Task prompt:
Exactly retype the lines below from the one containing "Комплект шатунів ONRIDE" through the end of the listing. Leave pictures out.

Data section:
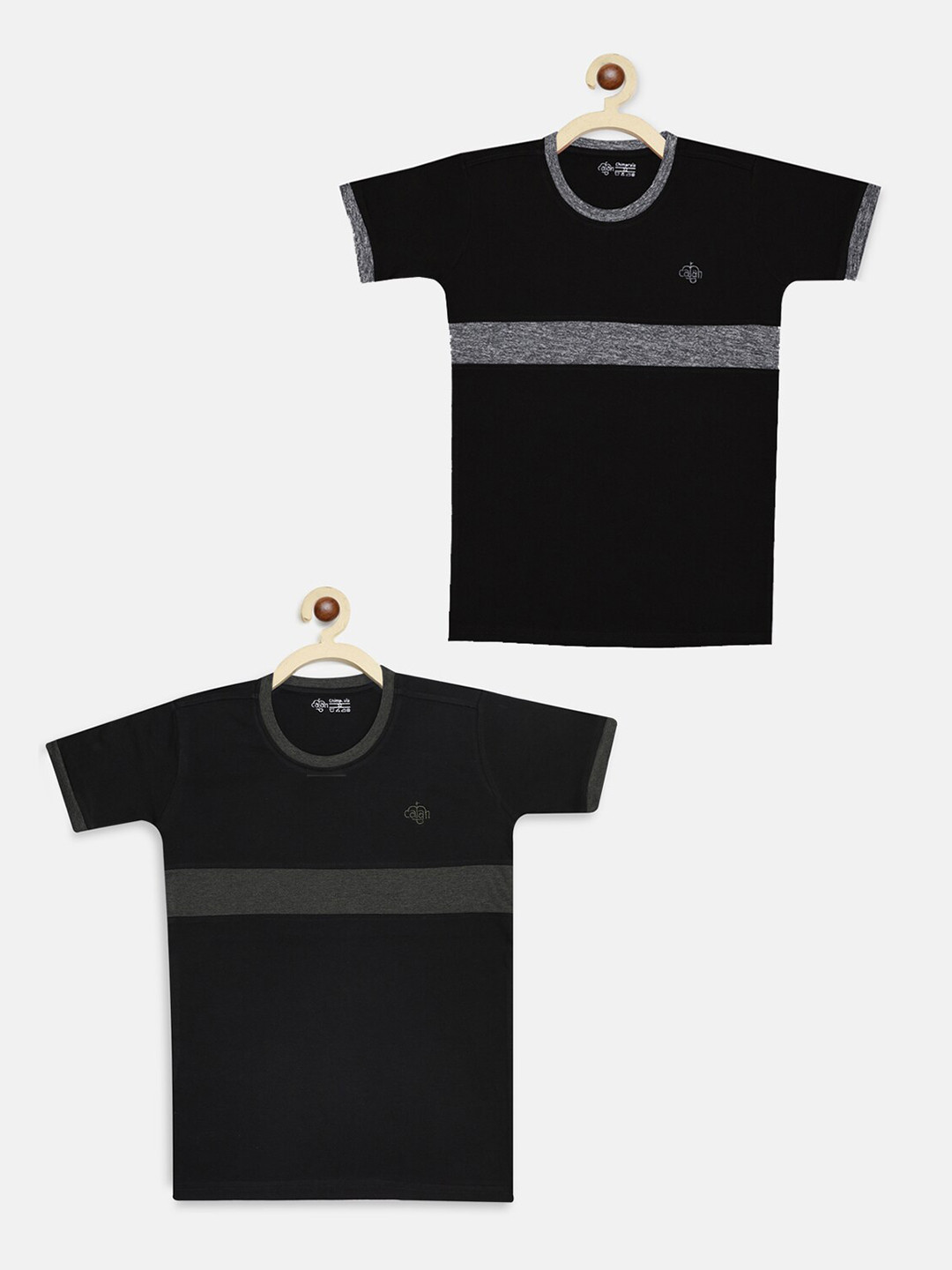 CHIMPRALA Girls Pack of 2 Black & Olive Green Moving Air Cotton T-shirts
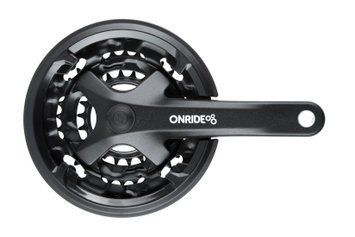 Комплект шатунів ONRIDE Trio 850P, під квадрат, 170 мм, 42-32-22Т, на 8/7/6 шв., з захистом, чорний 2526116102607 фото
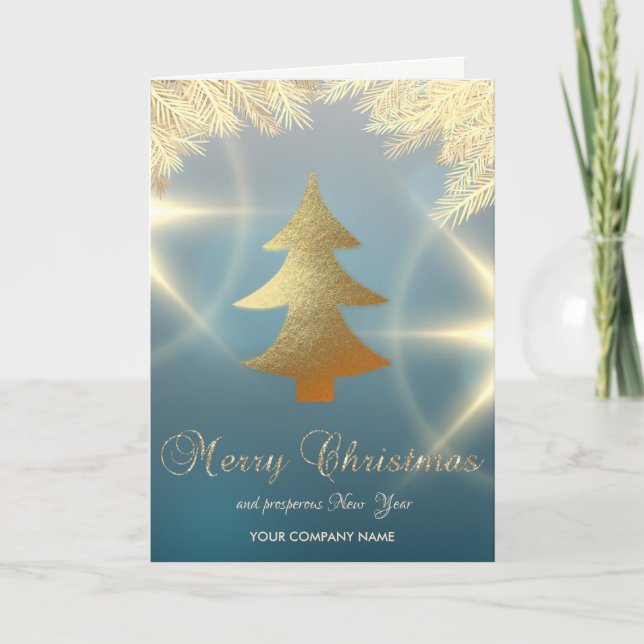 Tarjeta Festiva Ramas Gold Christmas Tree, Corporativas (Anverso)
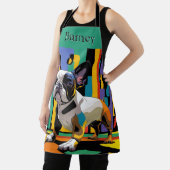 Schattigee en kleurrijke Franse Bulldog Pop Art Sc Schort (Insitu)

Written solution:
 Комплект шатунів ONRIDE Trio 850P, під квадрат, 170 мм, 42-32-22Т, на 8/7/6 шв., з захистом, чорний 2526116102607 фото
 Tarjeta Festiva Ramas Gold Christmas Tree, Corporativas (Anverso)
 Schattigee en kleurrijke Franse Bulldog Pop Art Sc Schort (Insitu)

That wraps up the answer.